SPOILERS ahead (but surely you've played all these, I hope)

Final Fantasy 4: Epic doesn't describe this one enough. I remember watching my friend Danny play this game and thinking "Wow, this shit is awesome." There is a dark knight, a dragoon, a ninja, a summoner, all sorts of crazy shit. They're fighting on the moon and fighting underground. People are dying. Getting turned to stone.

This FF was awesome simply for the fact that you had characters and not some faceless "warrior." Cecil was a rather dynamic main character as well. A dark knight forced to kill to attain the crystals. Yet he was remorseful for his actions. Just to have a dark knight as your main character was so different for that time. Heroes were always knights in shining armor or young plucky kids with goofy hats. But Cecil was a dark-plated knight with dark powers. Killing Mysidians. Hooking up with the white mage.

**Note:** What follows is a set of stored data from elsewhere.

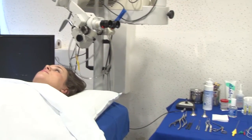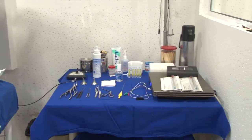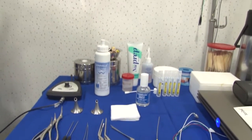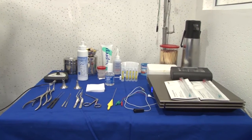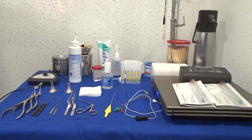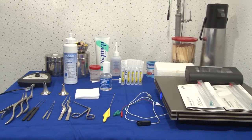Here we show you what we need for electrocochleography. These are the instruments we use for preparing and cleansing the ear canal before the test. You see ear specula in different sizes, curette, alligator forceps, suction tips, straight pick, and nasal speculum.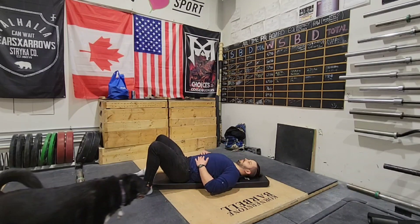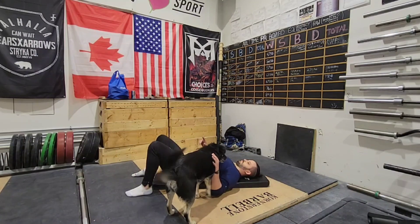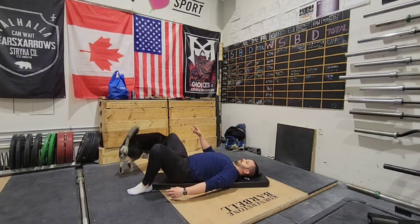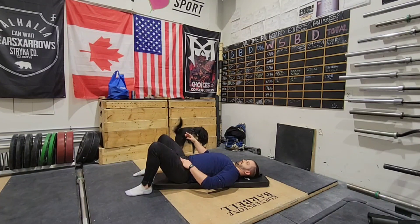For working neck flexion, we will first make sure that no dogs are around trying to lick you in the face while you're on the ground. Then we will tuck our chin as hard as we can and slightly raise it off the floor in this tuck position, and we will hold it for time.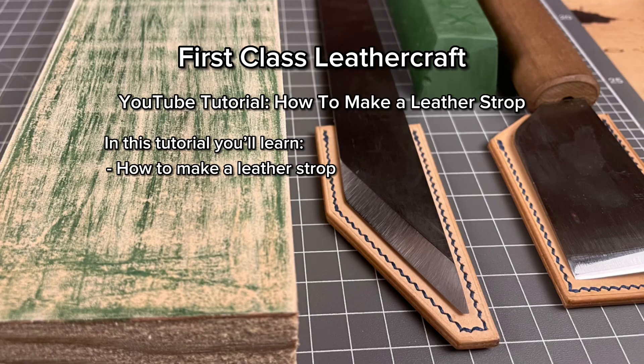A leather strop will allow you to maintain the edge on your blades. In this tutorial I'll teach you how to make a leather strop. Without further ado, let's begin.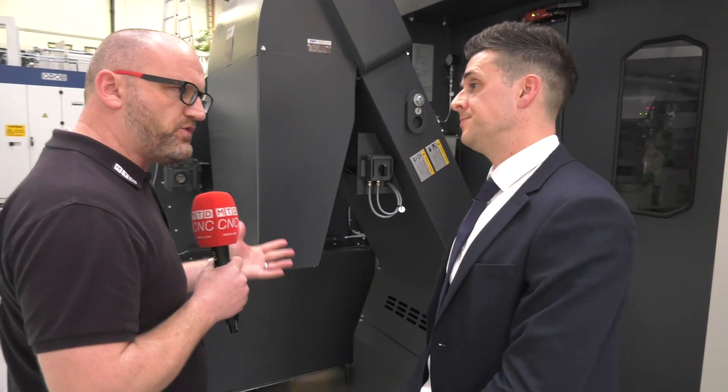The five-axis market is quite saturated, so why should engineers consider Grob? Basically, Grob have managed to integrate all the ancillaries and pull them into a small footprint. Couple that with the latest technology, and Grob machines now have to be considered for the latest five-axis applications.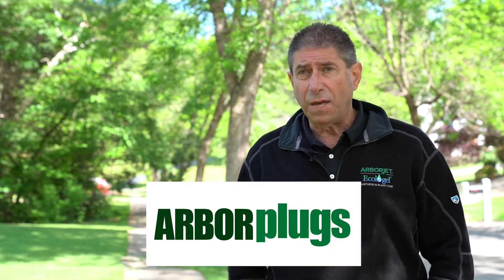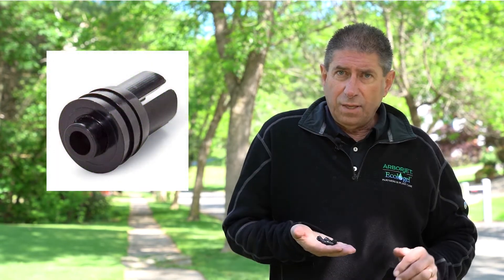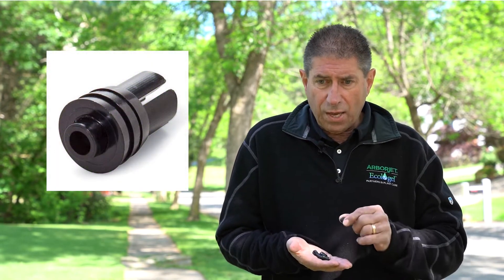One of the things that we've added to our equation is the use of a plug — a thing called an arbor plug that we developed. I've got some handy here that I can demonstrate with. These arbor plugs are designed to be tapped into the tree when we drill into the tree. They have a one-way septum, a rubber septum in the center, and we insert our needle through that rubber septum.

The accompanying cast was pretty badass as well. With one exception...

You had Kain, the dragoon, who wielded a spear and jumped 50 feet in the air and would land on shit like "Pow!" Kain was a rather unique character as well, because he actually turns evil for a short time and leaves your group. Also he had the hots for the white mage Rosa, and that pissed him off that Cecil had her. What a jealous prick.

Then Rosa, the white mage everyone loved. She's a typical FF heroine: compassionate and earnest. Always looking out for everyone. Except Kain. He was totally gross to her. I guess.

Others include Rydia, the child summoner who becomes the badass teenage summoner with green hair, Tellah, the old fart who casts Meteo and kills himself, Edge, the quiet ninja prince guy, Yang who had a little ponytail and could kick people, the twins Palom and Porom, who were annoying but could wreak havoc with their spells, and Fu So Ya, the moon wizard who looked really old.

And that was it.

Oh, wait. Sorry. There was that "spoony bard" Edward. Arguably one of the shittiest characters in all of FF. He played a harp and his special ability was that he could hide. Not cast a spell, not wreck someone with his sword, but fucking hide. Shitty, shitty, shitty.

Nonetheless, the game rocked. My love for FF only increased ten-fold. But it was about to increase 10,000-fold.

Final Fantasy 6: The best in the series, in my opinion. The ensemble cast. The great story. The hated villain Kefka. Just an excellent game all around. It also introduce a steam-punkish sort of world, where magic powered machines.

The magic system was pretty interesting as well. You would get these creatures called Espers that you would attach to your character. Then he'd learn spells based off what Esper he had. So if you had Shiva, the character would learn like Blizzard and shit like that. Just a really cool concept I think.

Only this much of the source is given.